Kings in khaki try to hijack Egypt’s revolution

Authority can't put conditions on Egypt's revolution

The army is in control and for a night that worked because they were something else. Something other than a corrupt dictator and the thieves that made up his family and cabinet. But the army is in control and whether it’s short term or they have other plans and regardless of how they came to slide into the throne, when they say stop, you’re meant to stop. Orders, chain of command. And in a regimented world like that, protesting is akin to mutiny.

“The people’s legitimate demands will be met,” the supreme council of the armed forces declared right before Mubarak dripped off. “We’ve given them enough, if we keep giving them what they want next they’ll ask us to marry (them off),” a bendy legged soldier complained to me as he pointed to Tahrir Square where the night before this army had beaten, chased and electrocuted sleeping protesters. He couldn’t understand why the protesters were still there. “They want Shafiq to go because Mubarak appointed him, but he did that after they wanted him to change the ministers.”
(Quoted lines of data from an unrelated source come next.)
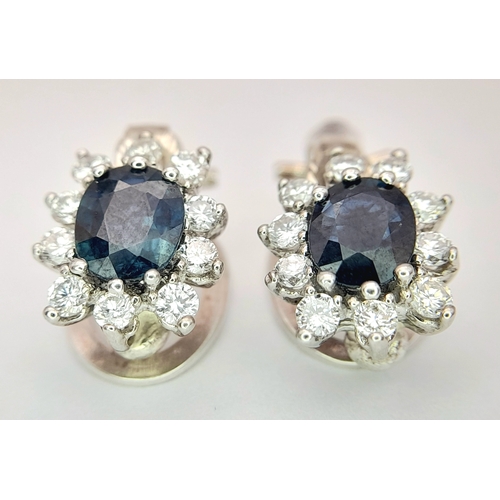 297 - A Pair of 14K Gold, Diamond and Sapphire Earrings. 2 x 1ct oval cut sapphires 2 x 10 round brilliant... 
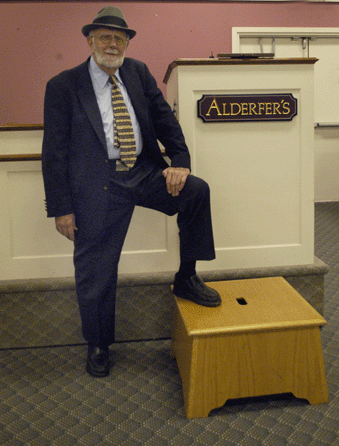 Sanford, shown inside the auction gallery, is well known for his hats and his auctioneering box. While the box's construction is simple, it has ably served its purpose, as well as adding a level of showmanship. It is also a metaphor for the man who has enjoyed living a "simple life†and stayed true to his Christian values, making sure to treat customers in his business fairly and ethically.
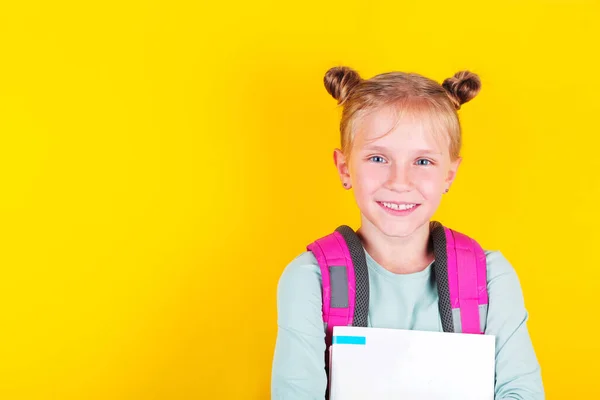 Girl from elementary school with book and backpack on yellow background. School concept, education. Back to School. — Stock Photo, Image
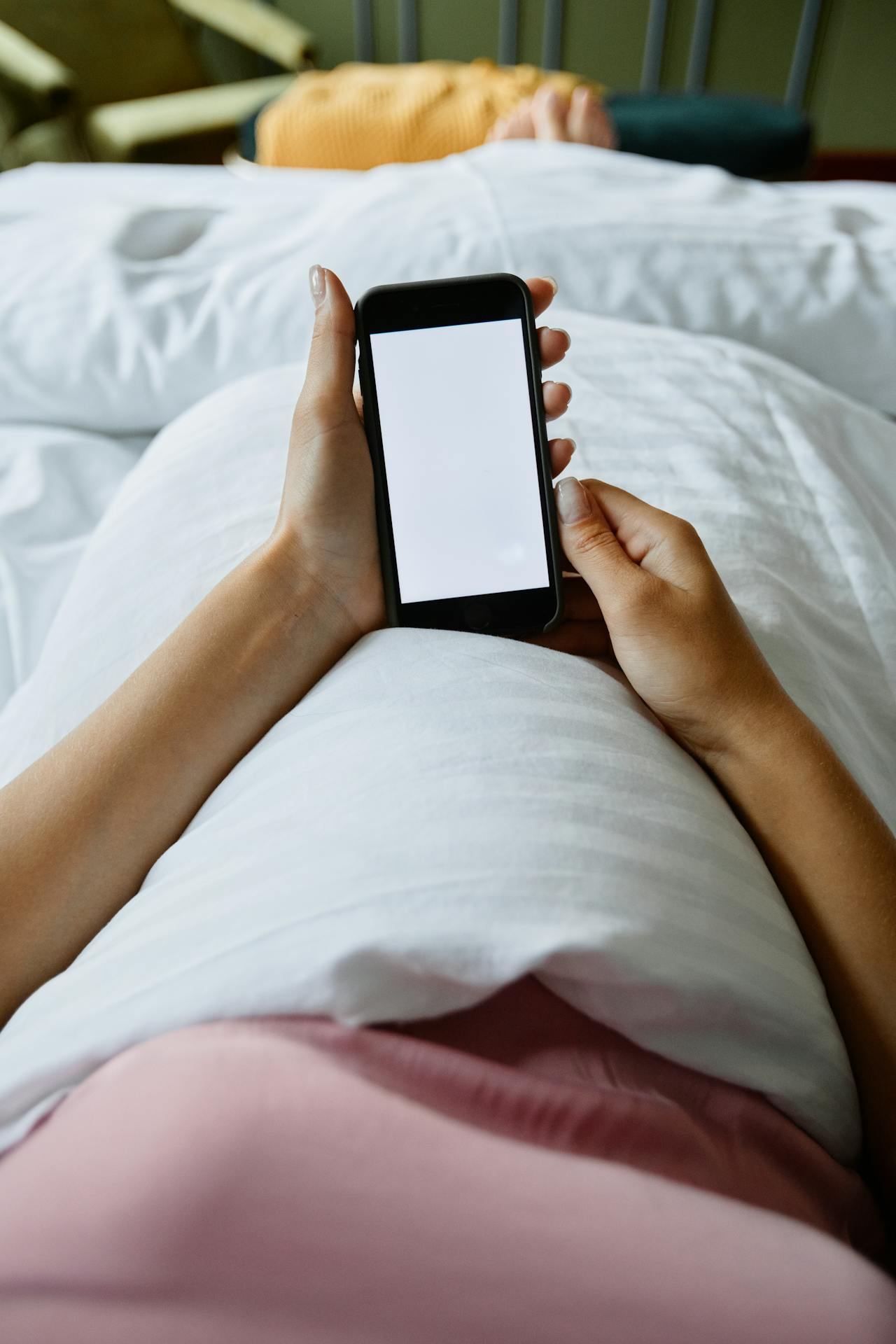 A woman using her phone in the bed | Source: Pexels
But I don’t expect a man whose days are spent following orders to understand. Especially when those orders are in direct contrast with the will of a perceived mutiny. It doesn’t matter what the army thinks, this isn’t their show; they’re just interlopers as tarnished at the top as the old brass hands that for decades choked Egyptians. Now the television’s lights are somewhere else but the spirit is as sharp. The revolution that overthrew Mubarak has now come up against another entrenched dog. This one took longer to bare its teeth but if anyone thought curfews, military checkpoints and tanks on the street meant the revolution was going to be delivered without interference on its course to free elections, a decent parliament and a clean state, they were looking for an excuse to rest after the exertions of 18 days spent chipping at the granite clad crooks.
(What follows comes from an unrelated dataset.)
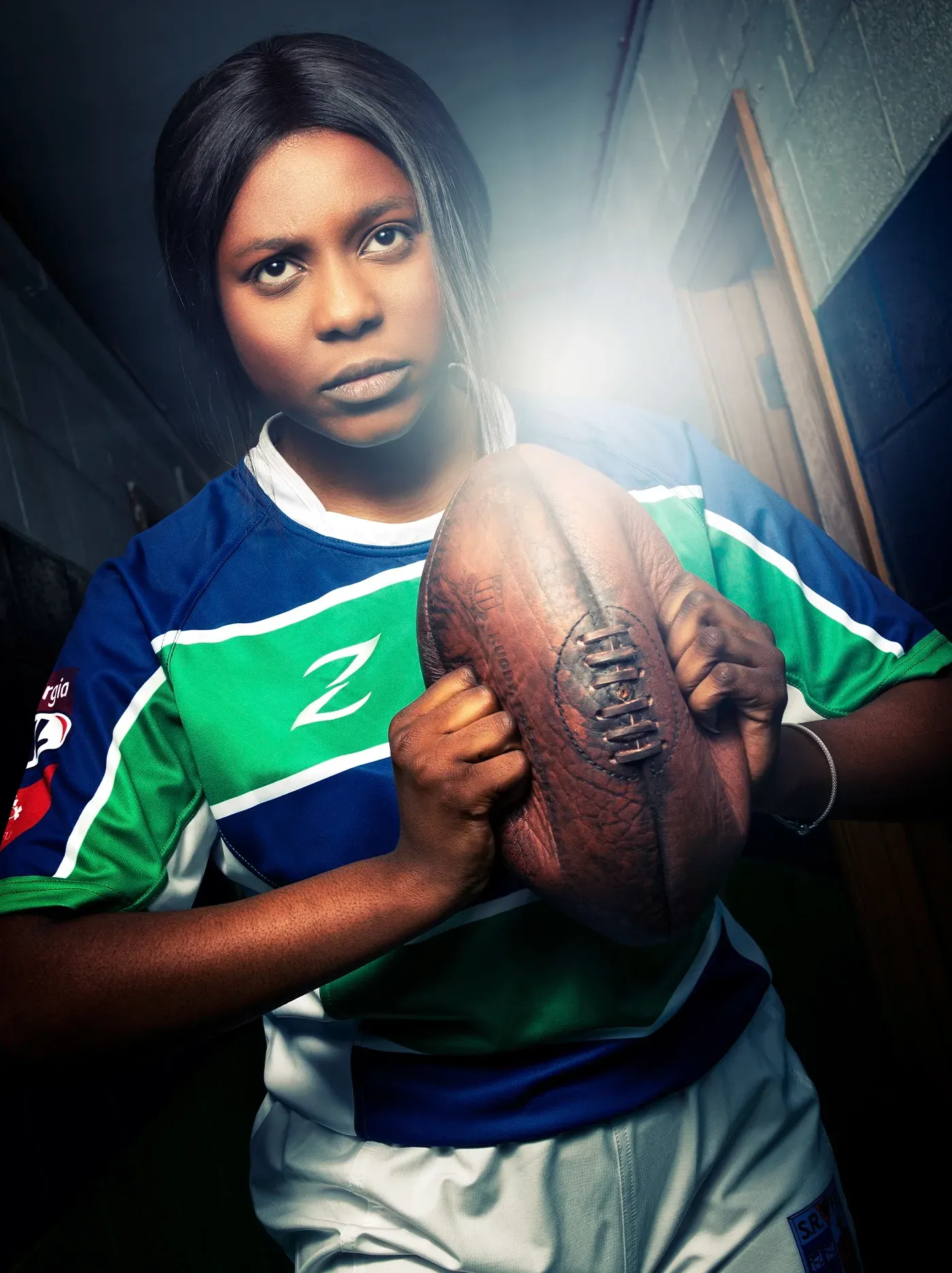 Woman in sports jersey holding a football, lit by bright light in a hallway.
“Give them a chance to do something, they haven’t had enough time yet,” I keep being told. And nor should they (Shafiq, the army, all remnants from the rotten regime) have any time. What’s at stake now is Egypt’s fate. This isn’t a once in a generation opportunity, it’s rarer than that. The changes so far are cosmetic; some new faces heading inept ministries who swore their allegiance to Field Marshall Tantawi and rhetoric with a cursory nod to the people. The people whose pushing and dignified courage means they have earned the right to be more than spectators to what might unfold. There is no way that the country’s fate should be or can be handed over to the same people who benefited or were complicit in the rampant corruption and nefarious brutality that is up against a wall now that Egypt has stood up.
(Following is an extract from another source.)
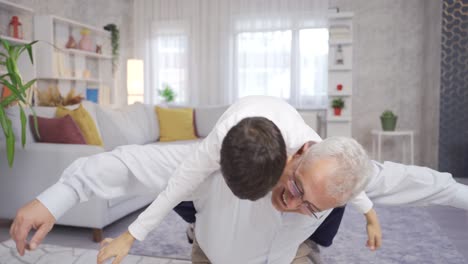 father and son are having fun at home, playing games.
However promising the talk emanating with the stench of collusion from the obscure relations between the supreme council of the armed forces and Prime Minister Ahmed Shafiq’s cabinet, it will both limit and compromise the potential of real, long lasting freedom and political accountability in Egypt. The sacrifices, the momentum, the shaking off of the tyrant’s choke, these cannot be in vain, and it is the chance of that transpiring that cannot be given to these old men in tarnished suits and military uniforms. The future now belongs to the generation that rose up and dared to believe what previous ones didn’t even dare to dream. It is by staying on the streets, maintaining the occupation of Tahrir and other centres of protest that a people without true representation in rooms of power where their futures are being discussed and carved out can maintain the pressure and let the power brokers know they are accountable, they are being watched. And if that means testing the patience of grey men in khaki, it is far better than waking up in six months to find the revolution was left to turn on the same crooked circle.